News  Meet the big kids on campus

The Daily gives you a rundown on the five Post-Graduate Student Society

President John Ashley Burgoyne

Street cred: After collecting a handful of degrees – a BA at Harvard and two Masters – Burgoyne is now chipping away at a PhD in Music Technology. He joined the PGSS after the VP Academic resigned last November, but says his people skills will be better put to use as President, not in closed-door meetings representing the Society. So far he is on good terms with SSMU – let’s hope his skills keep it that way.

Sandbox projects: Burgoyne has plans to make a “more user friendly PGSS” by revamping its web site, filling Thomson House’s social calendar, and encouraging interaction between grad students outside of labs.

Playground verdict: So much for worker solidarity. Burgoyne has steered clear of the Teaching Assistant strike, and doesn’t plan to help TAs with reimbursement projects. Although he established the Graduate Students and Post-Doctorate Employment Committee, which unites TAs, work-study students, post-doc fellows, and research assistants, he has no concrete plans for what they’ll be doing this year.

VP External Adrian Kaats

Street cred: Kaats is on his way to a biomedical PhD, and is jumping headfirst into untangling PGSS’s membership in government lobbying groups.

Sandbox projects: Kaats is fed up with PGSS’s provincial and federal student association, the Canadian Federation of Students (CFS) and its Quebec section. When he was elected last May, he was already talking about dissolving the Quebec section and joining another provincial student group. He also intends to campaign for greater prioritization of student demands and for graduate students over 25 years old having access to reduced-fare transit passes.
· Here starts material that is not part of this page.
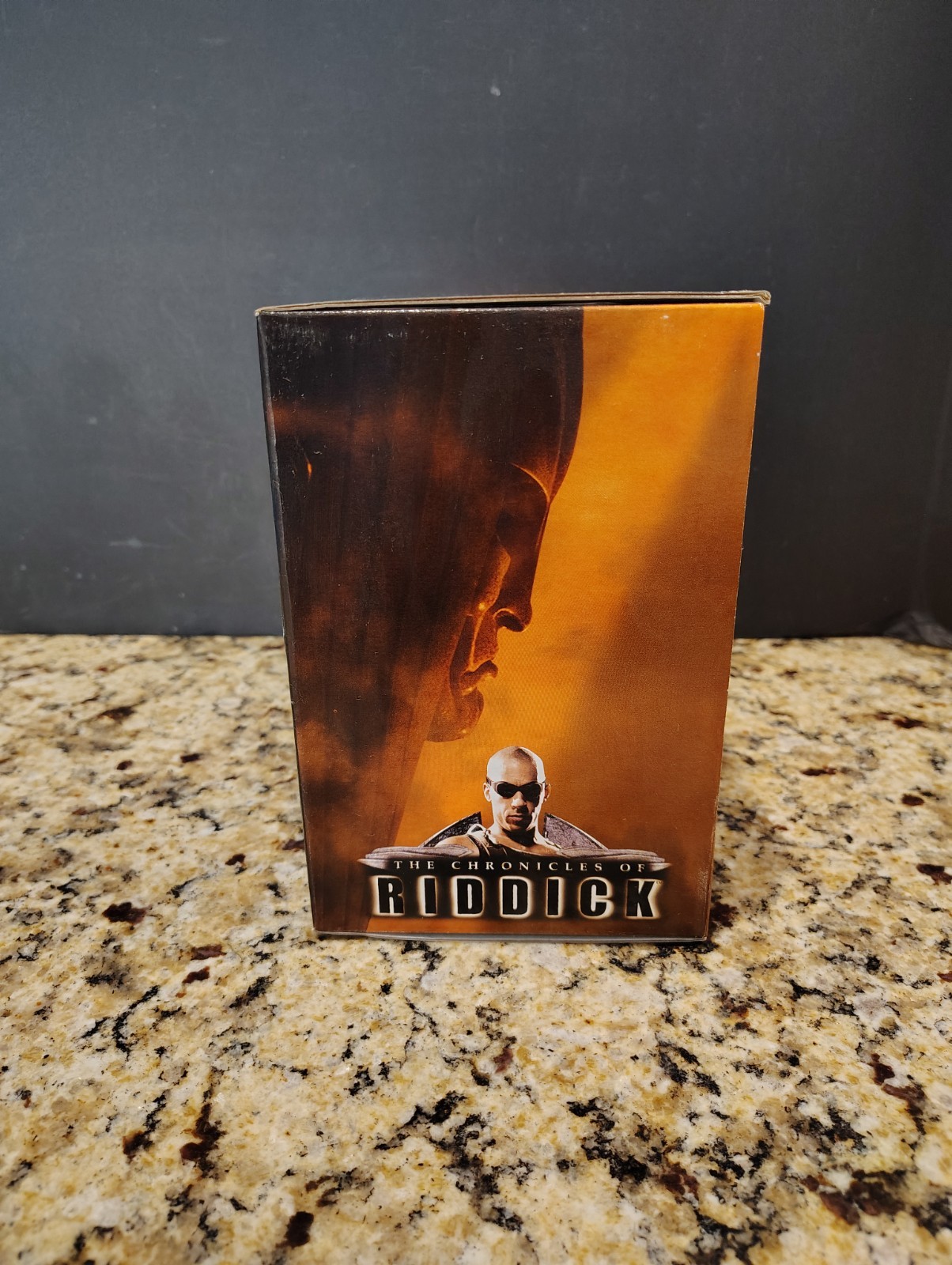 Riddick in Necro Armor w Hellhound SDCC SOTA TOYS Chronicles or Riddick MIB NEW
Playground verdict: We worry that Kaats is biting off more than he can chew because he will need support to make the CFS responsible to its members. He complains that fellow CFS members agree that the body is ineffective and opaque, but few are willing to fight with him for a more democratic body.

VP Academic Alexander DeGuise

Street cred: With three years behind him at McGill and some experience in campus politics – he represented PGSS on the Senate’s Academic Policy Committee – DeGuise feels well qualified to be VP Academic.

Sandbox projects: DeGuise says the privatization of research on campus creates a conflict of interest within the University, and that the use of public funds for corporate research is inappropriate. Yet while DeGuise hopes that students will care about this issue, noting that most graduate students are also research assistants, hope is certainly not enough. And in what will undoubtedly be a massive task, he wants to restructure the inner workings of PGSS to make it more efficient, by revamping everything from committees to Council.

Playground verdict: While we admire DeGuise’s crusade against the corporate presence on campus, we just hope he is able to mobilize the troops – graduate students are notoriously apathetic to campus politics. We also wish him good luck with his restructuring; we’re just glad we don’t have to do it.

VP Finance Eric Pollanen

Street cred: Originally from Ontario, Pollanen worked in a law firm in Montreal until he decided to get a Master’s at McGill. Serving on boards of various organizations, including a non-profit Montreal choir, has given him a drive to reform PGSS.

Sandbox projects: Compared to other executives, Pollanen has a quieter voice on PGSS, but he still wants to improve the controls and standards of the organization’s operations. He also said there is goodwill between PGSS and SSMU in spite of last year’s spat over club funding.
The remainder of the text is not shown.